Wednesday, September 29, 2010

Guest Post: Pro-Toenail and Proud Of It

This is a guest post by 6x6.

At this point in my running life, I consider myself a serious runner. I run six days of the week, I know and understand running workouts, I can write my own running plan, and I have even made some running friends. There is however one aspect of running that will forever remain a mystery to me - the purposeful surgical removal of one’s toenails. [Editor's note: Despite 6x6's implication, toenail removal is not "normal" for most runners!]
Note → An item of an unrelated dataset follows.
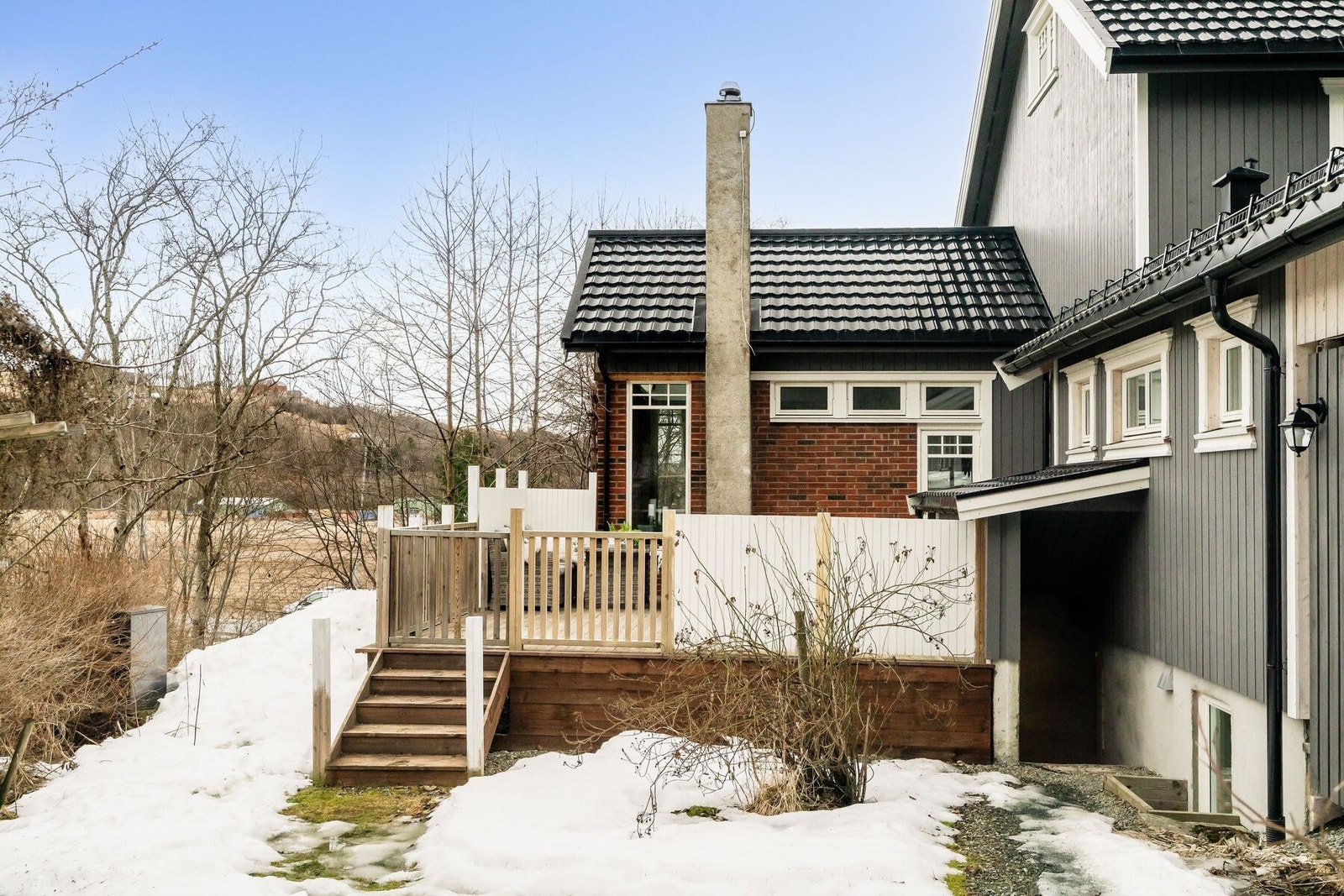 Alle tre terrassene er etablert i 2020/2021 og er i impregnert trevirke. Galleribilde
Most common to those who run ultra marathons (distances longer than a marathon) some runners will elect to have their toenails surgically removed in order to avoid any potential bother from their toenails.

This isn’t right. I believe as much as anyone else in “to each, his own” but there is a limit. To quote the author of Born to Run, Christopher McDougall, “You know any sport has gone off the rails when you have to remove body parts to do it.” Amen. Body parts are for life. You simply aren’t meant to remove them.

This can be avoided, says one experienced ultra marathoner, “if you wear properly fitting shoes, keep the nails trimmed short, and potentially even use something like aquaphor on them before a long race, you'll be fine.” Even custom orthotics or running sandals could alleviate any wear and tear on the toenails. Many runners will cut holes in the tops of their sneakers to relieve the pressure.

The removal of toenails carries serious risks. Not to mention, toenails often grow back after surgery. Toenails are not evolutionarily obsolete. They provide important protection to your feet just like your rib cage does to your vital organs. Nails can also serve as an indicator of health. Oxygen deprivation, infection, dehydration and lack of protein, among other health issues are sometimes all seen first in the nail bed. So toenail removal can be like taking the mercury out of a thermometer, while you have a fever.

Growing up with a father and grandfather who were missing fingers, I admit that I may be biased toward keeping all of my appendages, no matter how small. Like a tattoo, it’s a choice you’re simply bound to regret when you’re older or when you decide to wear open-toed shoes . . . whichever comes first.

Author's note: This is by no means medically accurate, simply my observations from a bored day at work spent on Google.

[Editor's Note: OMG finding pictures for this post was horrifying! My toenails aren't about to win any beauty pageants, but oh man, Google "toenails" or "toes" and you may feel a bit nauseous! The things I do for you readers. All for you!]